As regular readers will know, not least because I have wittered on about it endlessly, I spent the best part of last year penning my first novel. Despite numerous self deluded daydreams, by the time I’d finished I was pretty certain that this was not the book that was going to propel me into the literary spotlight. However, I thought it might not be totally without merit and was interested in a third party’s perspective. I hit upon the idea of sharing it with my book group.
When I bounced this proposal off various people, I was met with two responses. ‘You’re brave!’ from my friends and ‘You’re mad!’ from people who knew a little about the publishing world. Still, always one to plough my own furrow, I soldiered on regardless, distributed copies to the relevant people and waited for the crucial meeting of my critics.

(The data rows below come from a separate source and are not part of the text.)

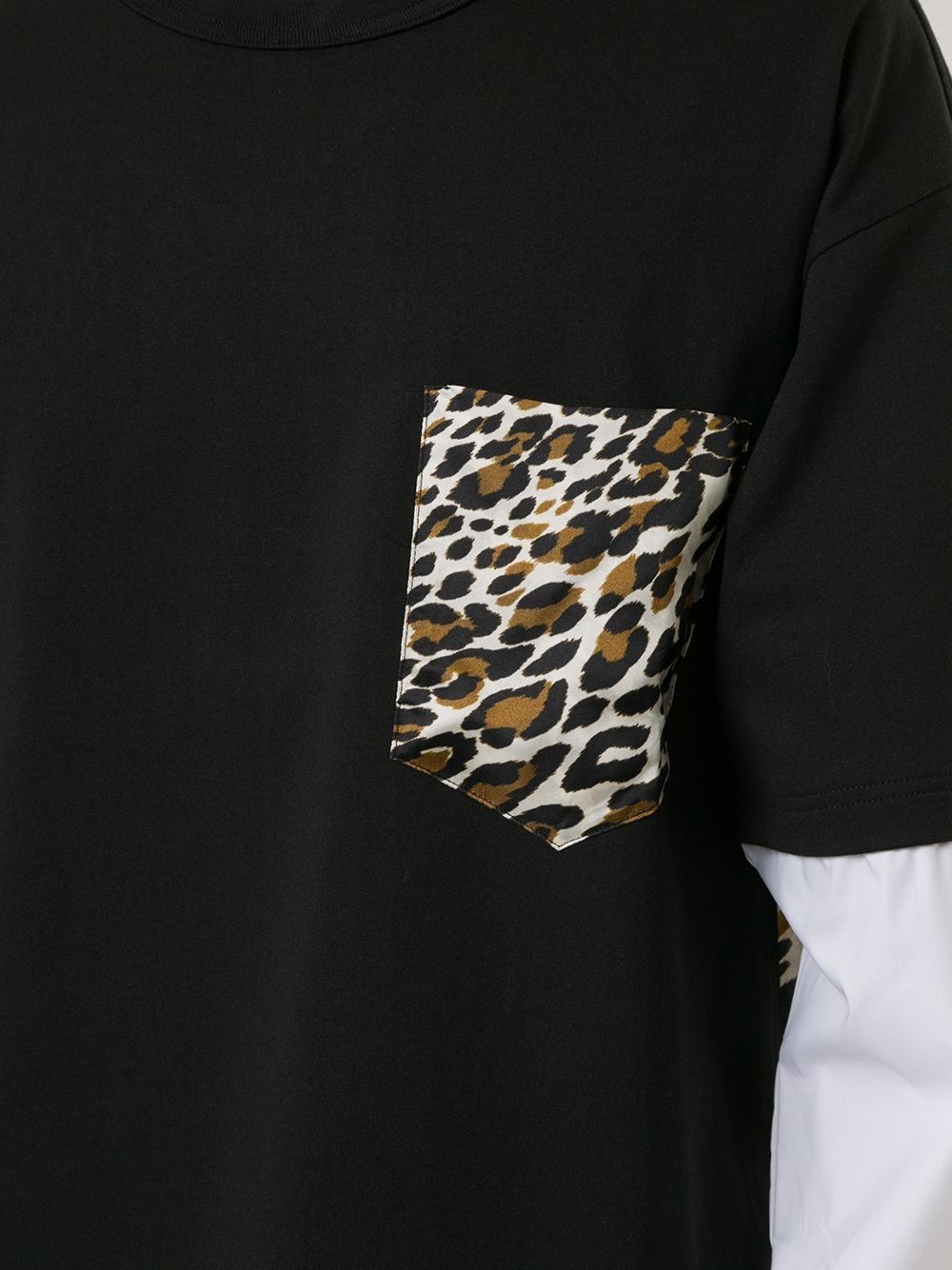 leopard print panel T-shirt - 5
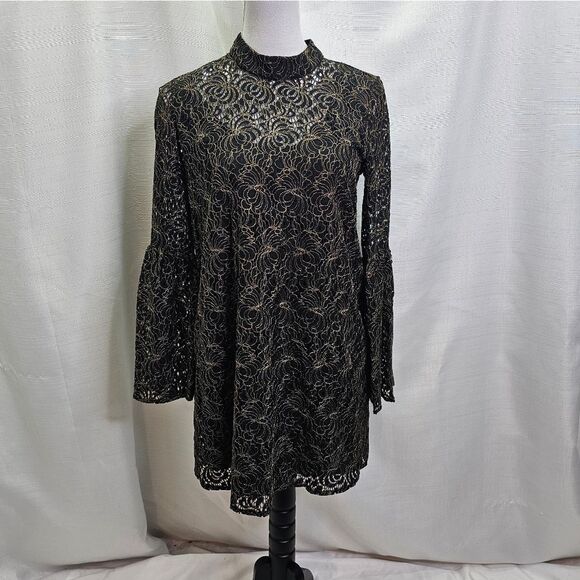 BCBGeneration Black and Gold Lace Bell Sleeve Mini Dress Size XS - Picture 1 of 12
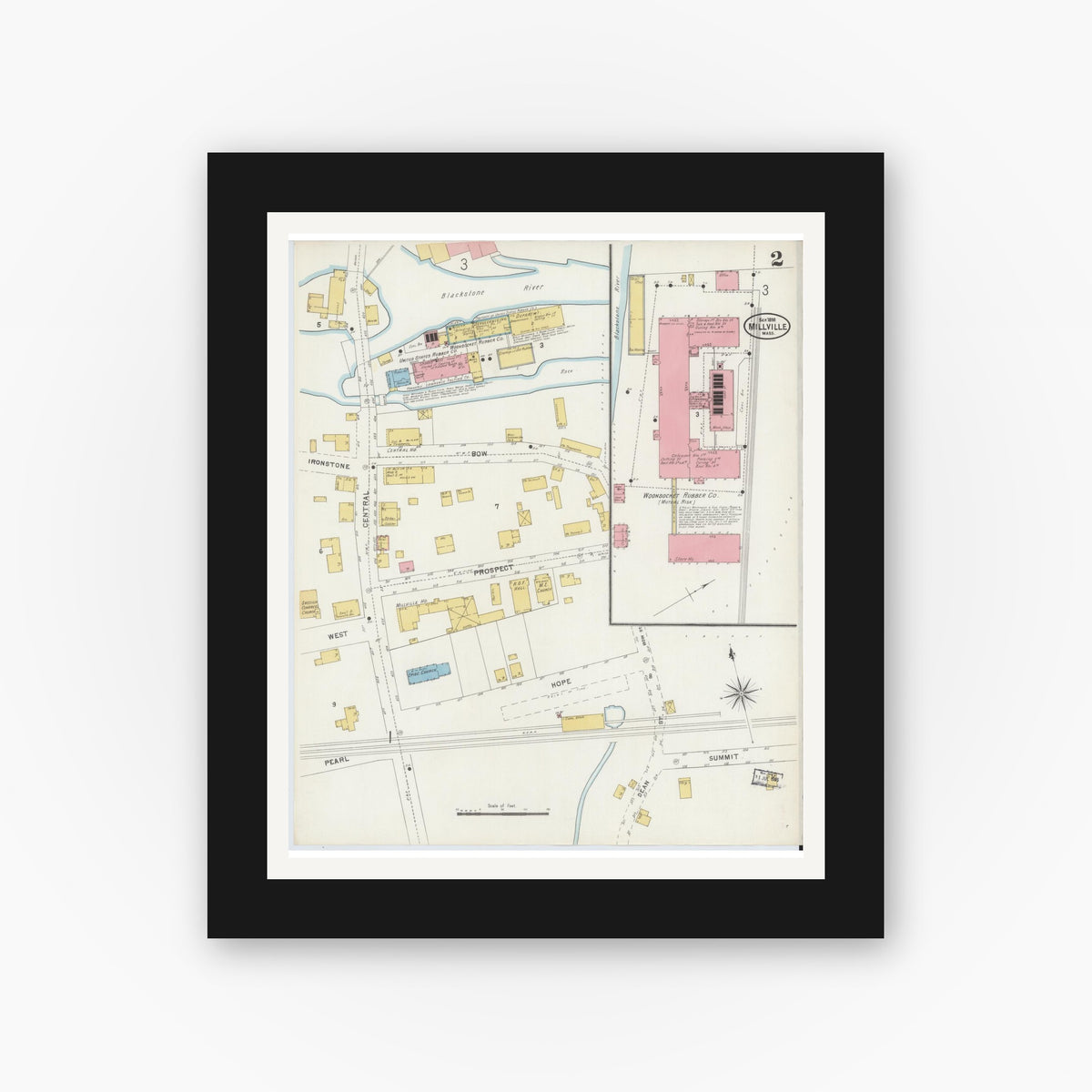 Old map wall art mockup — black gallery frame with white mat — Sanborn Fire Insurance Map from Millville, Worcester County, Massachusetts (1898), Sheet #0002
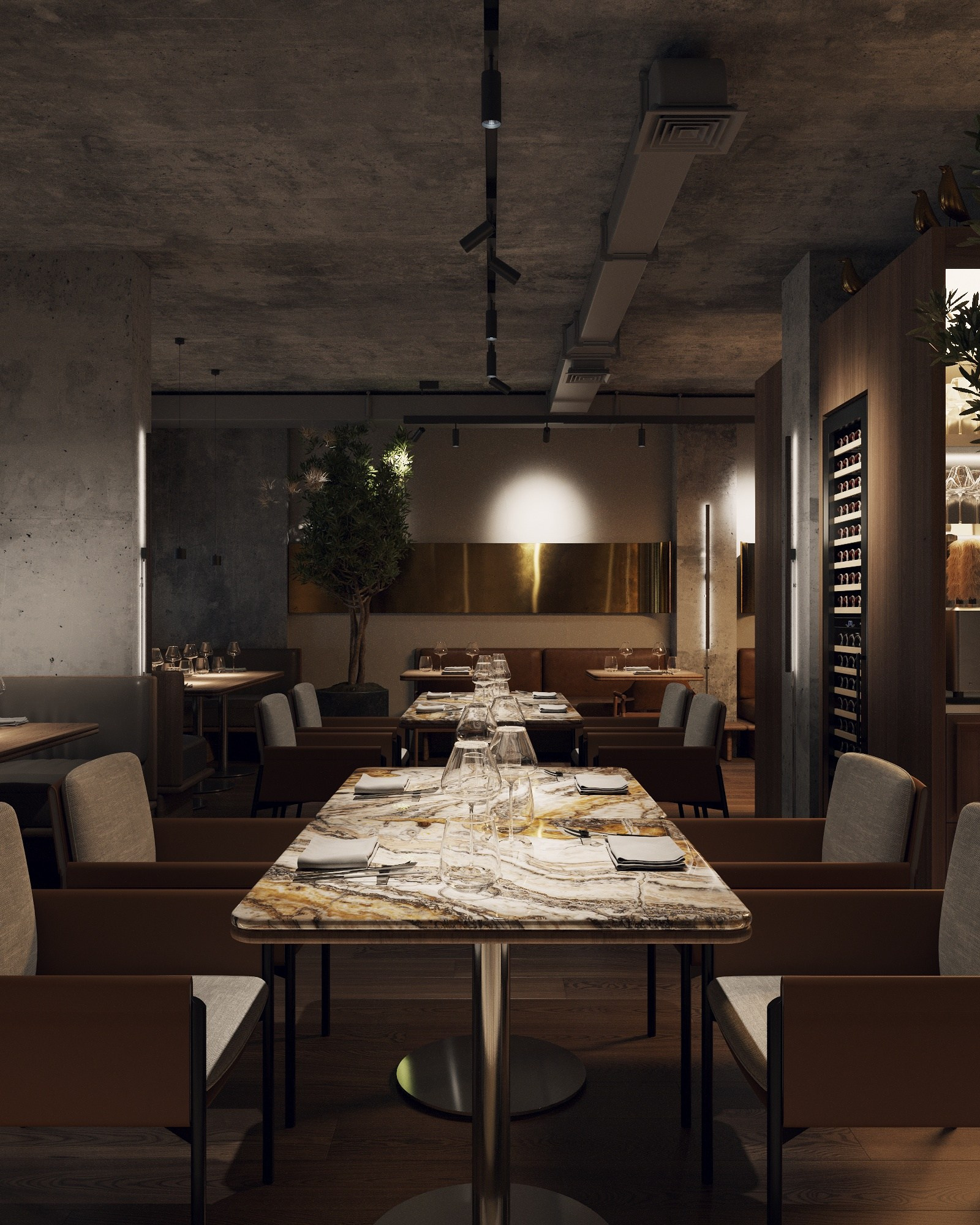 GOLDEN BIRDS restaurant in Astana Kazakhstan designed by QUADRUM STUDIO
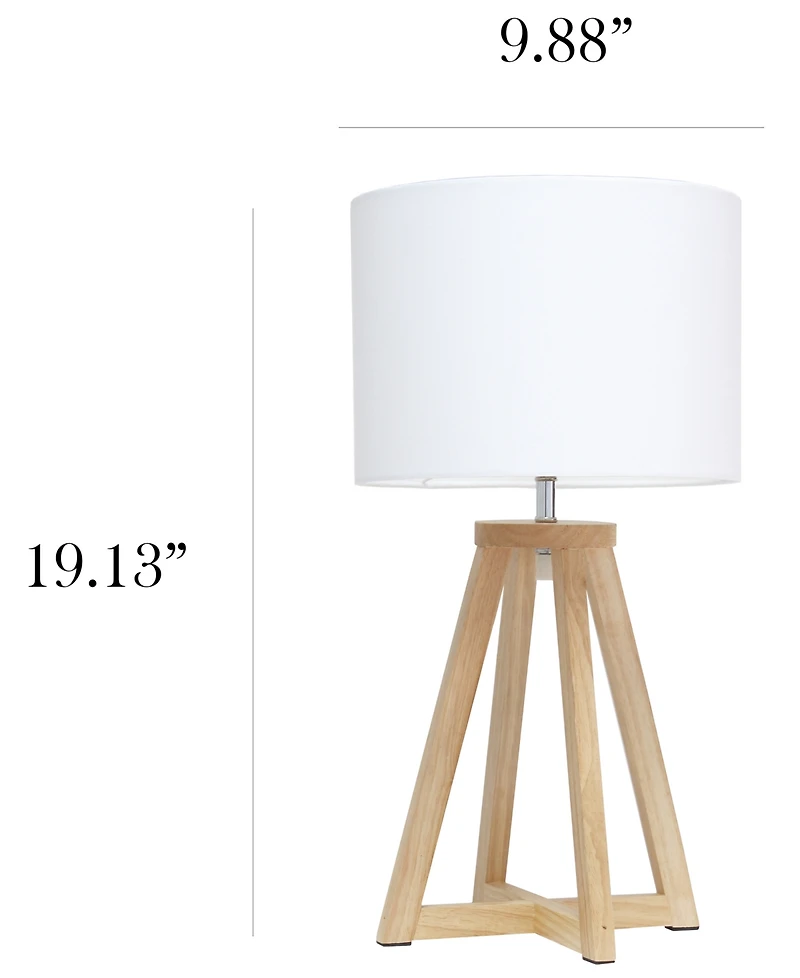 Simple Designs Interlocked Triangular Wood Table Lamp
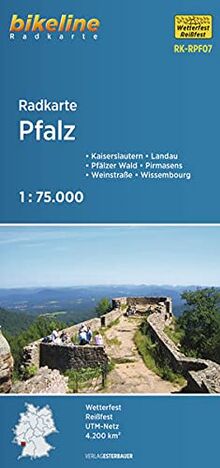 Radkarte Pfalz (RK-RPF07): Kaiserslautern - Landau - Pfälzerwald - Pirmasens - Weinstraße - Wissembourg, 1:75.000, wetterfest/reißfest, GPS-tauglich mit UTM-Netz (Bikeline Radkarte)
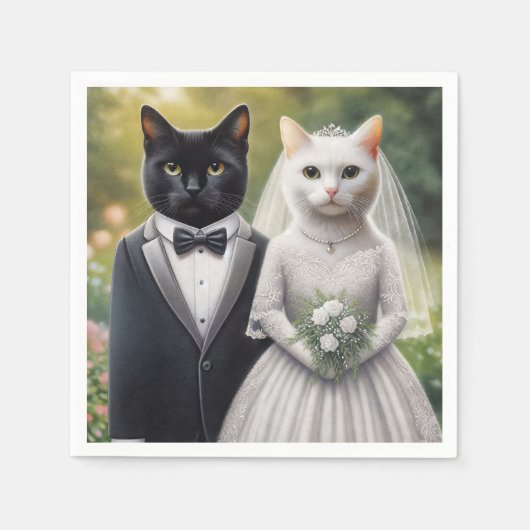 Cat Bride en Groom Servet (Voorkant)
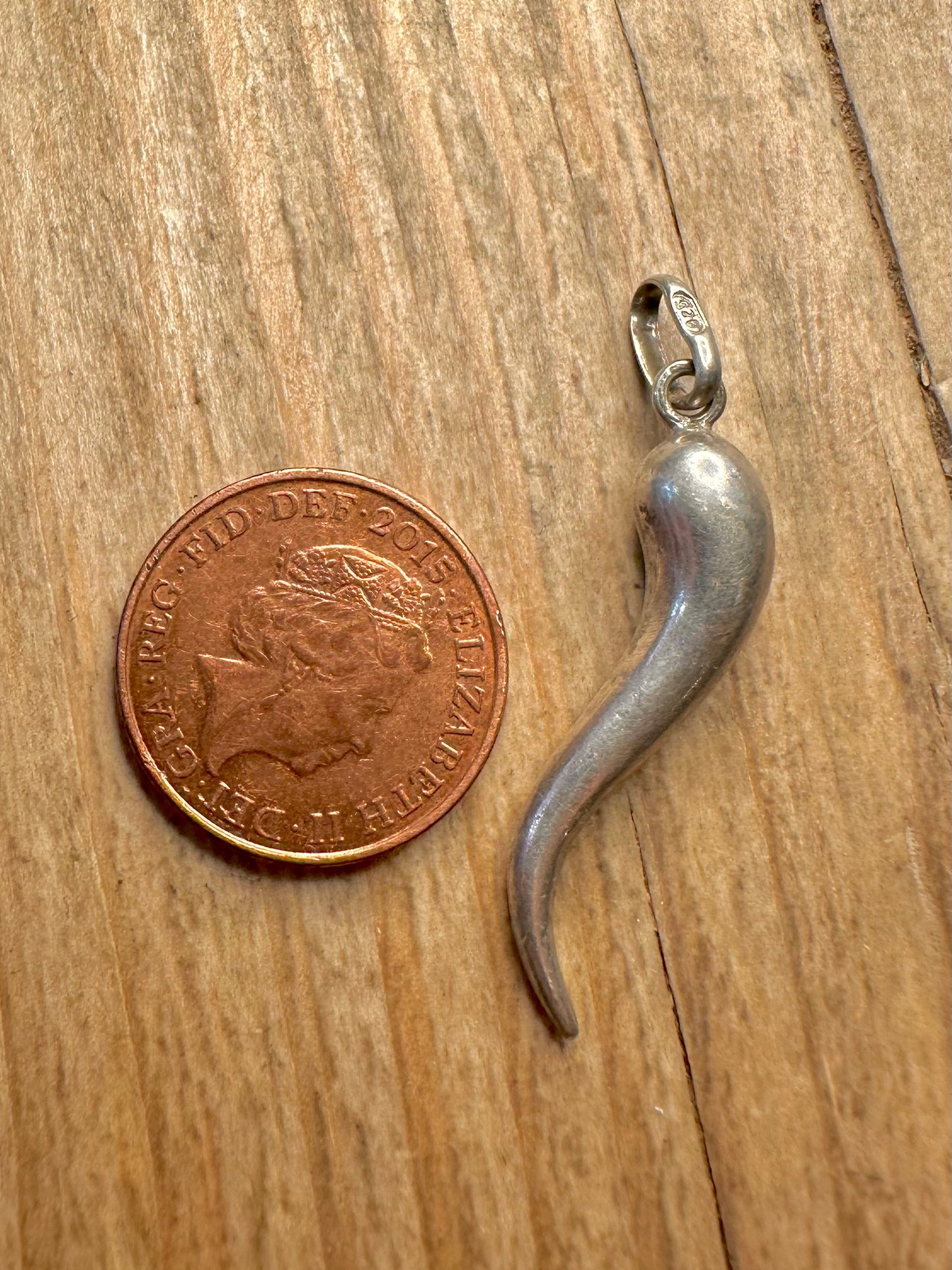 Vintage Horn of Plenty 925 Sterling Silver Pendant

The evening began with the usual chit chat and when I could bear the suspense no longer, I brought the meeting to order and the dissection of my novel began. Now, I had a fair idea of the merits and flaws of my work and I know the members of my group and their literary likes and dislikes pretty well so I wasn’t expecting any shocks. My greatest fear was that they would all smiled at me glibly and said it was good because then I’d know they hated it.
But they didn’t. Within ten minutes they were in hot debate about the credibility of my characters and whether teenage girls would really have hitched to London as a dare. To an outsider, the meeting would have seemed to have been progressing along our well worn path. We were a group of well educated, well read women robustly discussing a novel and all reaching different conclusions.
Of course, for me it was a little different. Each time they said that they wanted more of this and less of that my insides squirmed. Sometimes, their criticism was so fierce that I thought that perhaps they had forgotten that the author was in the room. But then maybe this was a good thing. They discussed my book, chewing it over backwards and forwards in minute detail for at least as long as we spent on Ali Smith last month. If nothing else, it had provoked debate and not everything we read does that. Almost worse was when they said that they liked a scene or a character or the writing style. Never good with compliments, this was nearly as difficult for me to take as the criticism.
Despite almost begging them to stop a couple of times when I thought I could bear it no longer, after about an hour we wound the discussion up and conversation floated back to something more general. I collected my copies back in, thanked them for taking the time and walked home, breathing deeply of the the crisp night air and processing what had just happened.
And now how do I feel? Well, in all honesty I feel inspired to continue. I shall take what I’ve learned both from the writing experience itself and from sharing my work and crack on with the next one. All I need is a good idea and then who knows?!